Advisory Opinion No. 1998-24

Classification Of Lobbyist Expenditures For Entertainment Of Public
Officials As Expenditures In Furtherance Of Lobbying

Nicholas Simeonidis, Senior Corporate Counsel for UST, has questioned whether the payment of a tab at a restaurant bar by a client lobbyist for a legislator or a legislative or gubernatorial staff member is an expenditure in furtherance of lobbying as that term is used in the Code of Ethics for Lobbyists, Conn. Gen. Stat. ยง1-91 et seq. Mr. Simeonidis’ question arises in connection with filling out the client lobbyist financial report, which provides two spaces for the itemization of expenditures for the benefit of public officials. One space is for expenditures which are unrelated to lobbying; the other is for expenditures which are in furtherance of lobbying.

The Commission has previously considered the question of what is meant by the phrase "in furtherance of lobbying." In State Ethics Commission Advisory Opinion No. 93-14, 55 Conn. L.J. 4, p.3E (7/27/93), the Commission defined the phrase to include "activities and expenditures which foster good will between lobbyists and public officials, such as social occasions where issues are not actually discussed, unless the activity is clearly personal and unrelated to any lobbying purpose." It is a logical extension of this definition that a corporation does not make "clearly personal" expenditures; it is possible, however, that a registered communicator lobbyist, who is an individual, may make such a personal expenditure.

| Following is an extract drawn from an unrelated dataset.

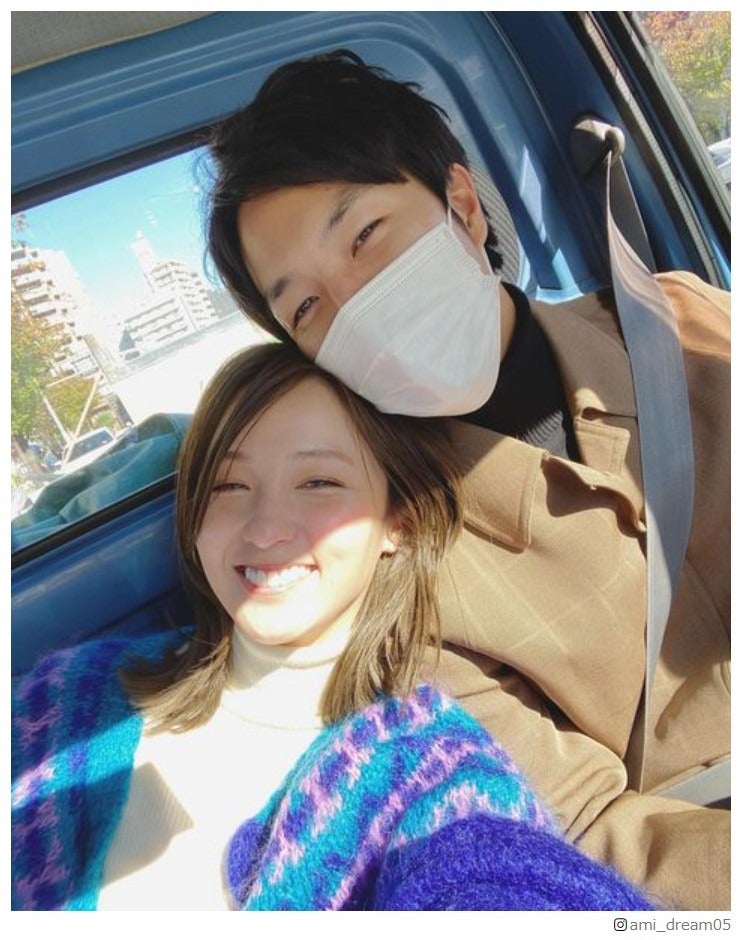 Dream Ami、夫・テラハ半さんと結婚2周年 密着ショットに「可愛すぎ」「理想の夫婦」の声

Although a corporation cannot make a personal expenditure, a corporation which has business ties to the state in addition to lobbying may make an expenditure unrelated to lobbying. For example, a corporation/registered lobbyist may have a contract to provide computers and computer services to a particular state agency, and in the course of the performance of that contract, a representative of the corporation may provide dinner to the agency’s commissioner. Although not in furtherance of lobbying, the law requires the meal to be itemized on the corporation’s lobbyist financial report. Such an expenditure should be reported in the space denoted "unrelated to lobbying."

Absent such a clear business purpose, if a corporation which is a registered lobbyist pays for the entertainment of a public official at, as Mr. Simeonidis has termed it, a "purely social" occasion, that expenditure has been made in furtherance of lobbying and should be reported as such.